Arrow-right Camera
The Spokesman-Review Newspaper
Spokane, Washington  Est. May 19, 1883

100 years ago in the Inland Northwest: An underground mine fire raged, and a ‘well-preserved’ body was discovered months after a man died in a snowstorm

 (Spokane Daily Chronicle archives)
By Jim Kershner The Spokesman-Review

A special “rescue car” from Butte was on the way to the Hercules Mine near Burke, Idaho, to help extinguish a fire 400 feet below the surface.

All miners were safely evacuated within 30 minutes of the alarm. Soon after that, rescue crews from the nearby mines – Hecla, Morning and Tamarack – arrived to help.

About 30 “helmet men” had been fighting the fire all night and through the next morning, but it was not under control.

From the fatality beat: The body of Peter Chatwain, an aged member of the Flathead Tribe, was found under a melting snowdrift along the Milwaukee Road right-of-way.

Authorities believed he was a victim of a fierce December snowstorm.

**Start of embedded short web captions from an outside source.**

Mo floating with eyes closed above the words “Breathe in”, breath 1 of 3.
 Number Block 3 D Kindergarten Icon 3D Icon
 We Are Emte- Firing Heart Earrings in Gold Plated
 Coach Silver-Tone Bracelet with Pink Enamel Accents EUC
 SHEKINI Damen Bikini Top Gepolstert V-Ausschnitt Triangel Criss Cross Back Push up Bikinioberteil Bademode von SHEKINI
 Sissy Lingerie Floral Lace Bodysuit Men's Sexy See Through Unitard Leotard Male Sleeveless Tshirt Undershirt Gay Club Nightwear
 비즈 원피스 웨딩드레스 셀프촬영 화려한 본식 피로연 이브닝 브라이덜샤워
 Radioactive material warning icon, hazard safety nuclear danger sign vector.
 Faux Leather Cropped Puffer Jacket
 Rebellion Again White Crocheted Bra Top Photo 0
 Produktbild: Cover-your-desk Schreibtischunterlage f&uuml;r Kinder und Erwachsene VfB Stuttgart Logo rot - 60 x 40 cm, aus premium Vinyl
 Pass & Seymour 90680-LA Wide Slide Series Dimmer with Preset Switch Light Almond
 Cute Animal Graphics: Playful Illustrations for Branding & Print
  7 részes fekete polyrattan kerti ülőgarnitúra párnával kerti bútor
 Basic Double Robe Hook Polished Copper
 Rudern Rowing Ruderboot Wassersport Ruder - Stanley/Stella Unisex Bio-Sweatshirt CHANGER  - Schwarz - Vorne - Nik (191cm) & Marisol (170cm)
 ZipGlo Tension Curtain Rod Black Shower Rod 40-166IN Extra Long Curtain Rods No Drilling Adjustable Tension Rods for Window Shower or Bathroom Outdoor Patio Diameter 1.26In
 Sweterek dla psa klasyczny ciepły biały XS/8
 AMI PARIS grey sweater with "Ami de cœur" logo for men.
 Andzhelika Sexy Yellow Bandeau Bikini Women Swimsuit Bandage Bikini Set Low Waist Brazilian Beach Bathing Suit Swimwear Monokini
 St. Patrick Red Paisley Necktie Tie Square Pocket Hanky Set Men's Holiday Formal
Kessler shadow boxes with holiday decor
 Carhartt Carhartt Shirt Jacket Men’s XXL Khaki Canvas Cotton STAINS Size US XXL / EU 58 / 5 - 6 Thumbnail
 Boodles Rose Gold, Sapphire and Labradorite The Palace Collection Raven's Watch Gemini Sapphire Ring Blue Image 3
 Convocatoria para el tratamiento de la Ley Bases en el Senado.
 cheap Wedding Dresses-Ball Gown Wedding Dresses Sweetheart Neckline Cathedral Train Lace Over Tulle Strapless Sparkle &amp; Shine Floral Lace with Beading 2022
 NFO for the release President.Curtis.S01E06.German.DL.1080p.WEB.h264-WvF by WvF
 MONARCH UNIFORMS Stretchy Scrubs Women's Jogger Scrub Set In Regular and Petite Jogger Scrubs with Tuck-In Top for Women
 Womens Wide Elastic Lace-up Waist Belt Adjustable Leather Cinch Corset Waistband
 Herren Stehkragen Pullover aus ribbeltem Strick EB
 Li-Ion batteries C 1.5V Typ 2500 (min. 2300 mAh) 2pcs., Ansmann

They surmised he disembarked from the train and started toward his home 4 miles away.

“He evidently became bewildered in the storm and laid down beside a log,” a surgeon who examined the body said.

His body was hidden under the snow for months and was “well-preserved,” the doctor said.

From the Cannon Hill beat: Residents of the Cannon Hill neighborhood renewed their vehement protests against plans to put the city’s new Florence Crittenton Home (for unwed mothers) there.

The chairman of a neighborhood committee claimed the home would cause their property values to plummet, and that “the morals of the children of the district would be endangered.”

The committee threatened to file a lawsuit.

L.W. Hutton, on the board of the Crittenton institution, “advanced answers to each of the shots from the committee.” But he was “outnumbered 5-1” by angry residents.